• **Exercise description**:
Your response should contain only the lines running from the top of the data below through the line with "Hyundai Palisade Hybrid", both included. Pictures must be omitted.

• **Data for review**:
════

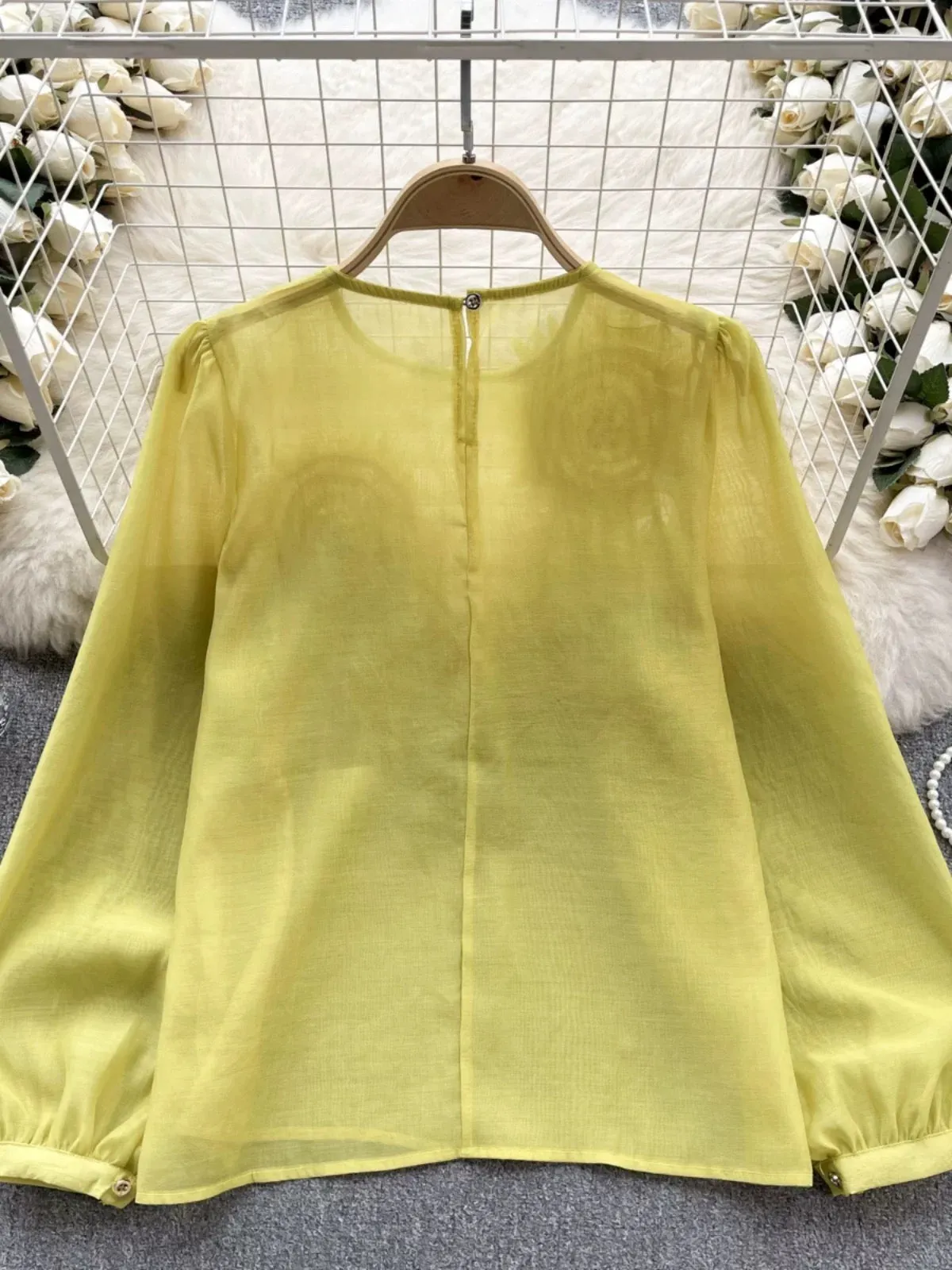 French tops for women 2024 new spring style design three-dimensional flowers slim fit versatile puff sleeve pullover shirt for w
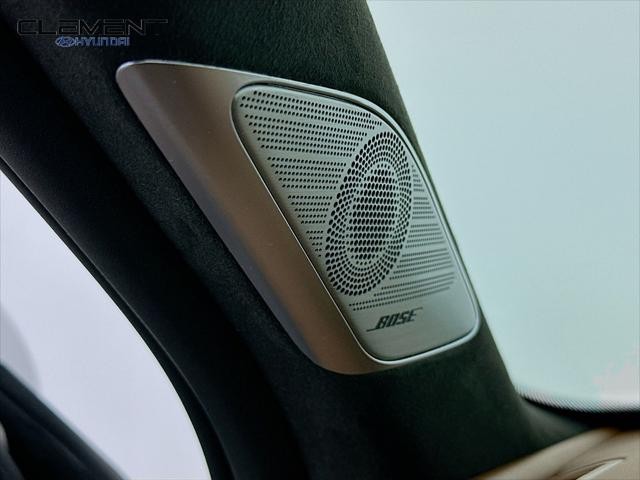 Hyundai Palisade Hybrid Vehicle Full-screen Gallery Image 23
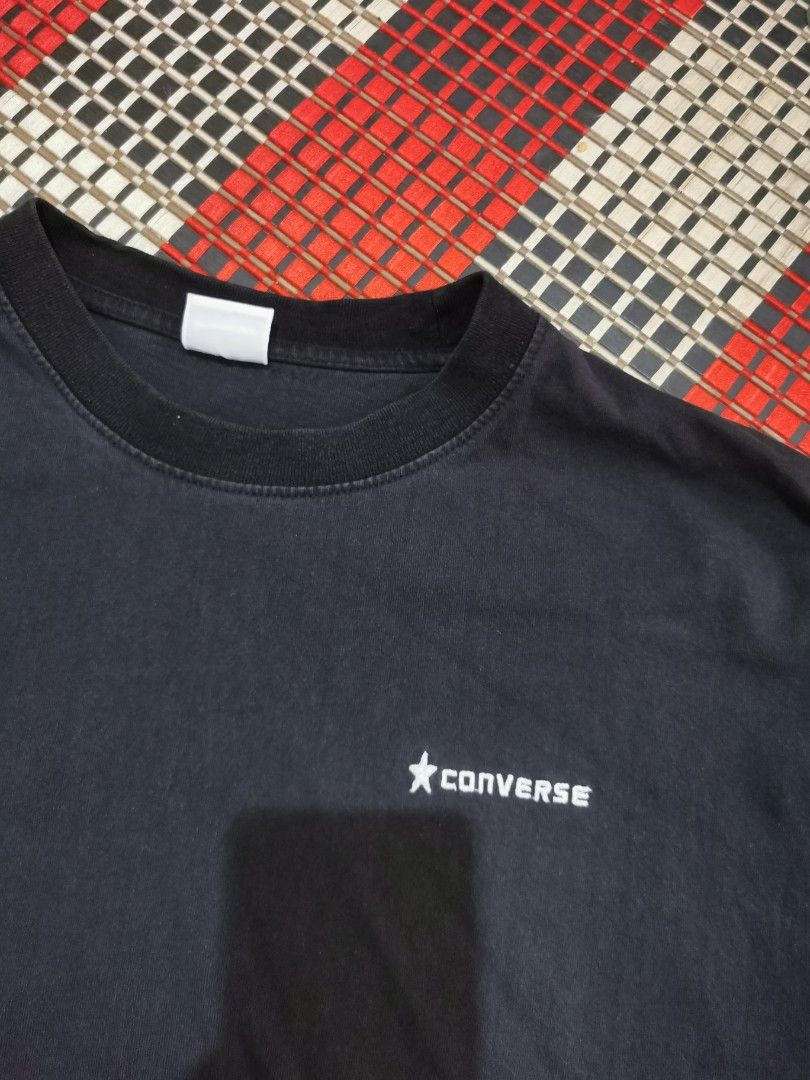 Converse (Category: Tshirts & Polo Shirts) located in Selayang. Submitted by camiomda (Listing ID 1265588050, Image 3). Description: armpit 24 x 30inch.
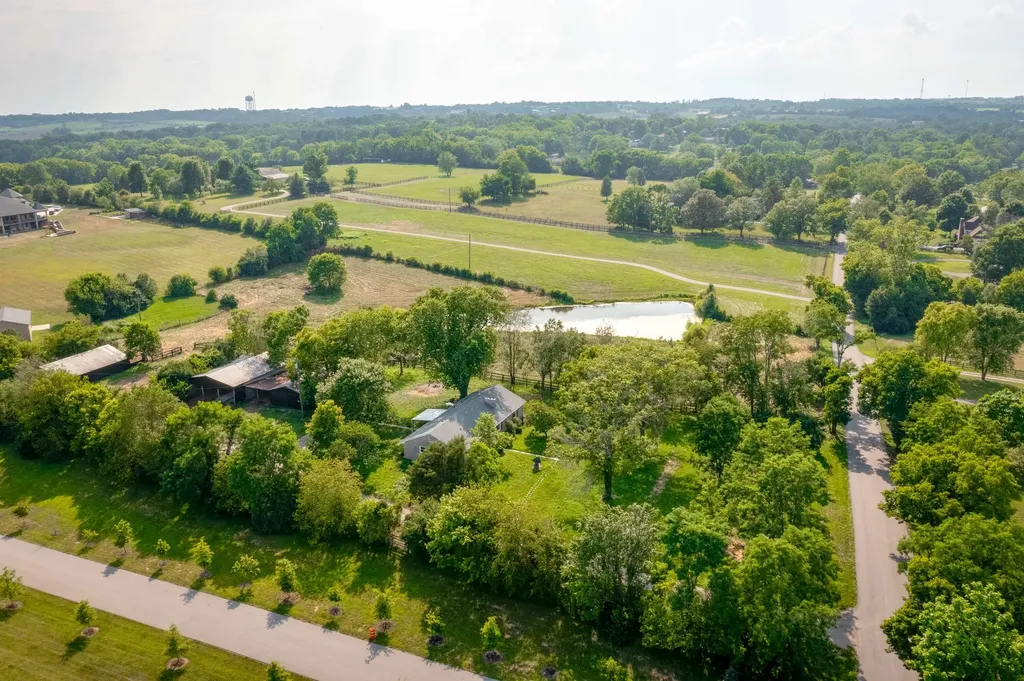 2450 Vince Road Nicholasville KY 40356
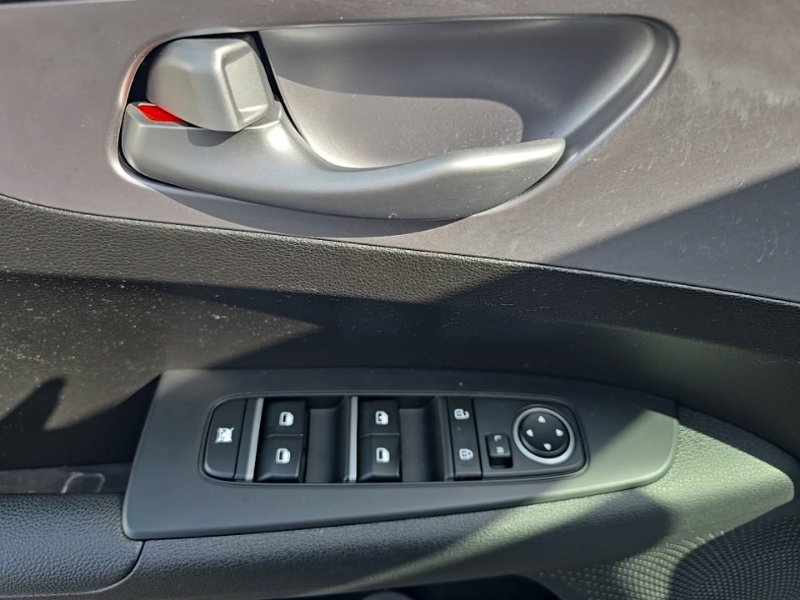 Used 2023 Kia Forte LXS w/ LXS Technology Package FWD image 22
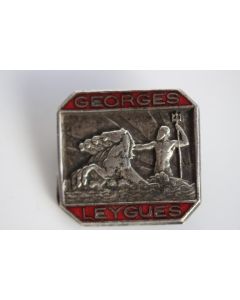 Insigne Georges LEYGUES Croiseur Arthus Bertrand 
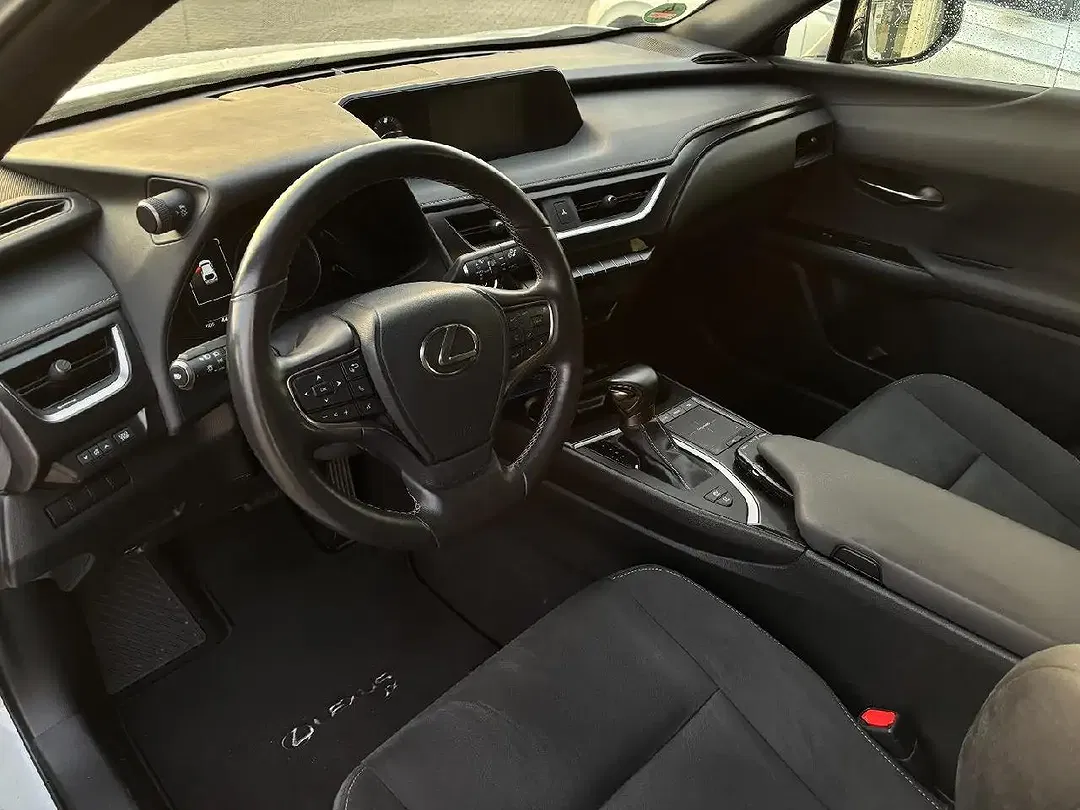 Lexus UX 250h - Thumbnail 12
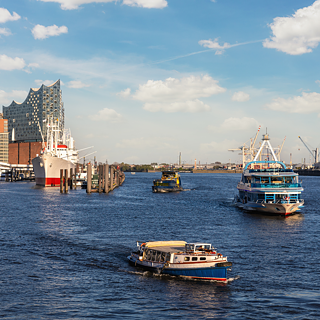 Elbe nehrinde gemiler. Arka planda Elbphilharmonie görülebilir.
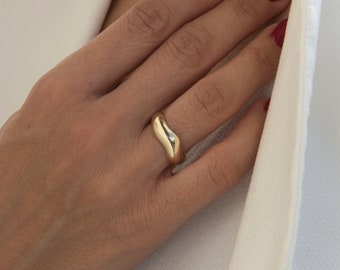 14k Gold Dome Ring, Golvende Dome Ring Goud, Gouden Gebogen Ring, Vintage 14k Solid Gold Ring, Dome Ring Minimalistisch, Gouden Chunky Ring, Moeder Cadeau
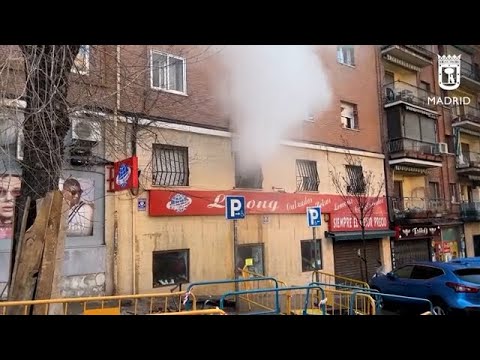 Una fallecida, siete rescatados y once atendidos en el incendio de una vivienda en Ciudad Linea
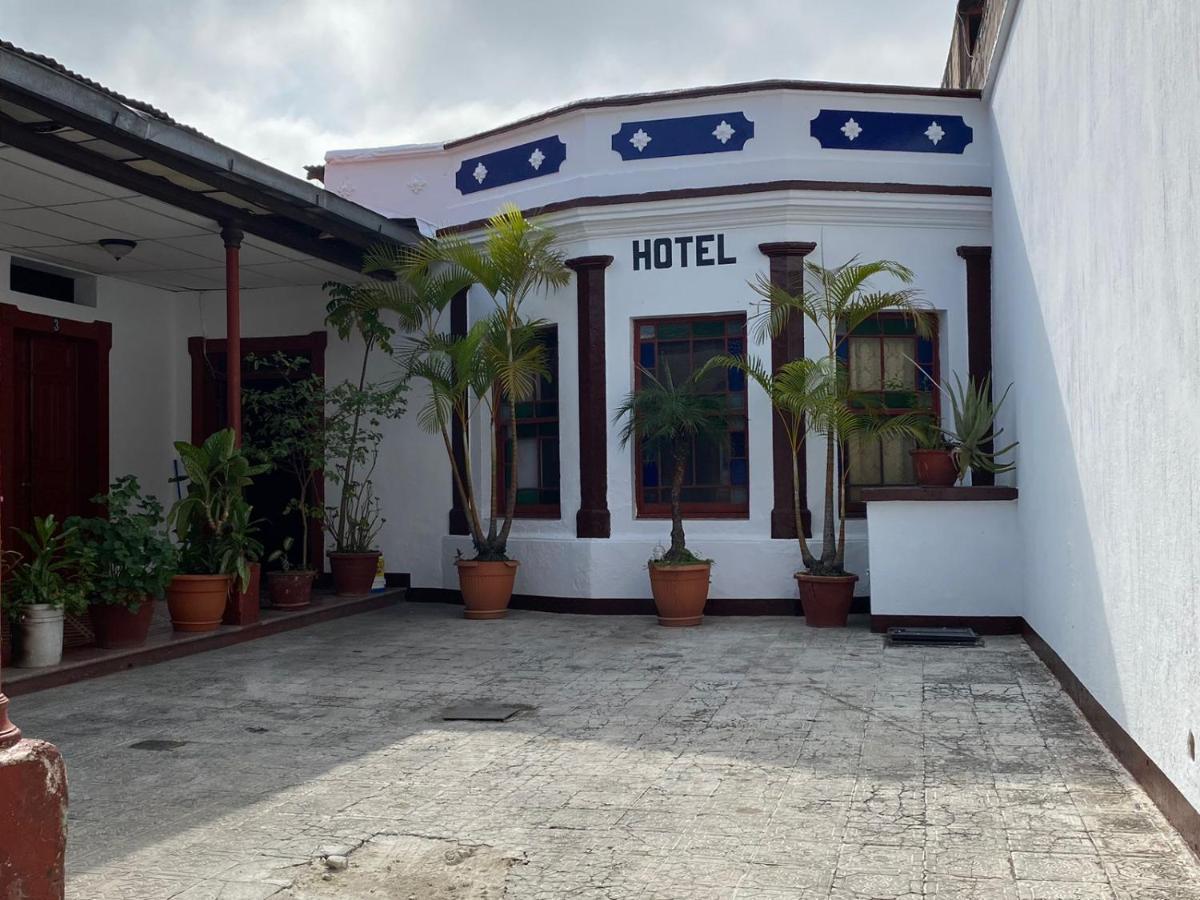 Hotel Malybu Гватемала Экстерьер фото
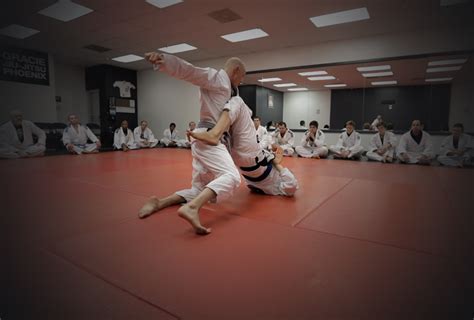 Women Empowered Gracie Jiu Jitsu Women S Self Defense Program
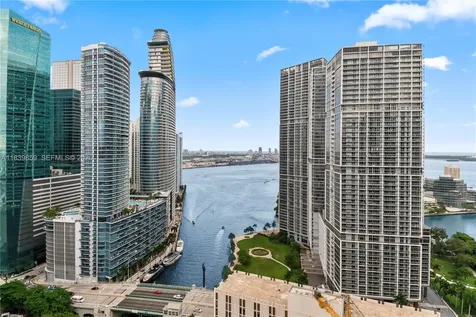 41 SE 5th Street Miami FL 33131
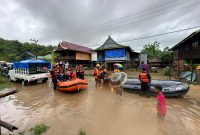 Aktivitas tim Basarnas di lokasi banjir. 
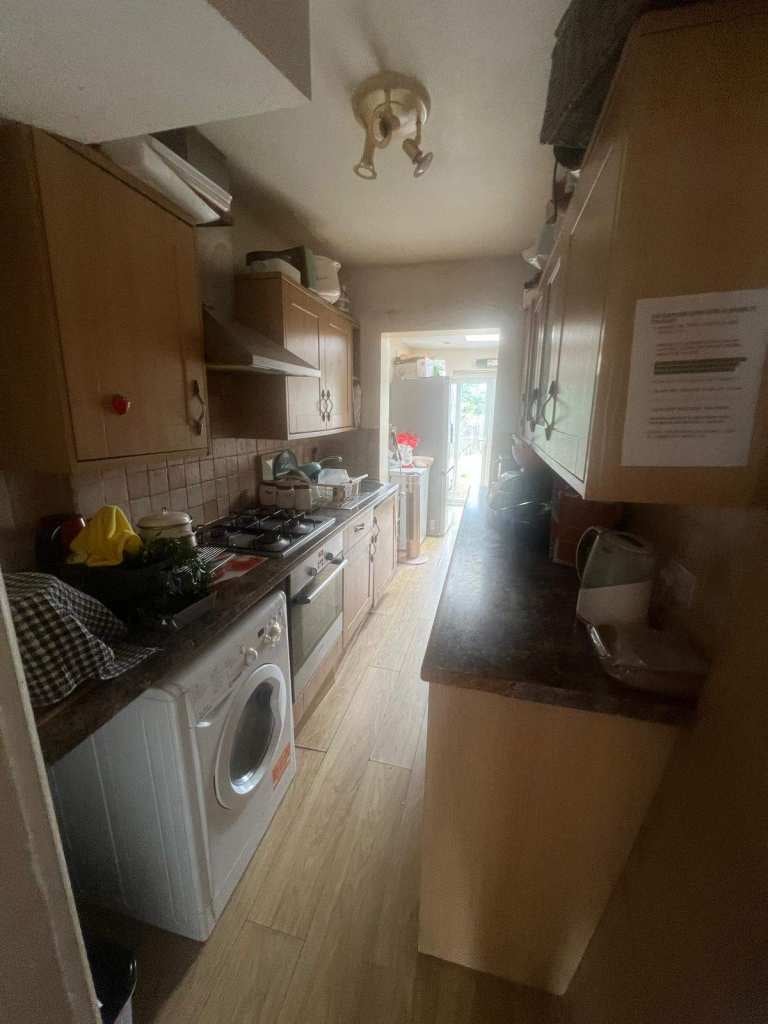 Room Mapleton Crescent in Greater London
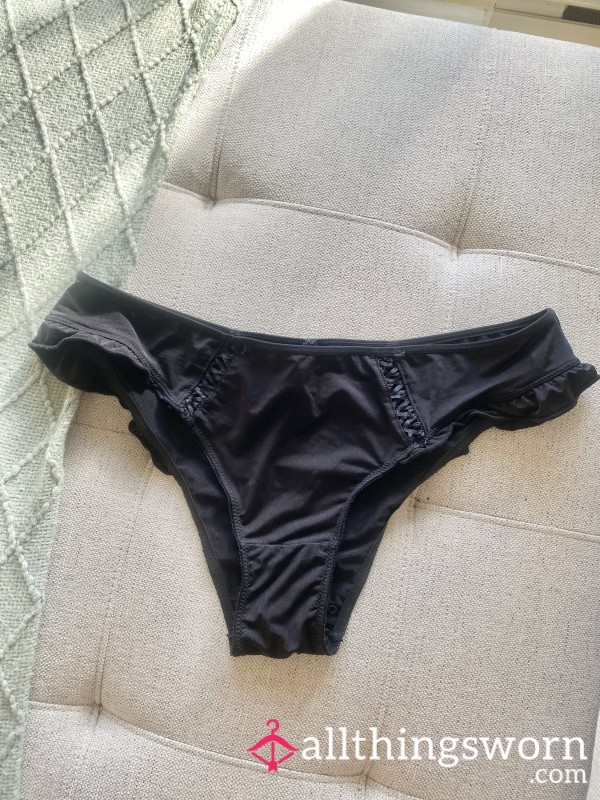 Cheeky Black Panty 🖤with Free Shipping In Canada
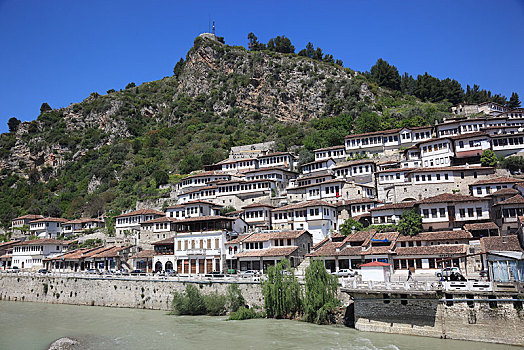 cau lo khung 2 ngay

════

• **Expected answer**:
 French tops for women 2024 new spring style design three-dimensional flowers slim fit versatile puff sleeve pullover shirt for w
 Hyundai Palisade Hybrid Vehicle Full-screen Gallery Image 23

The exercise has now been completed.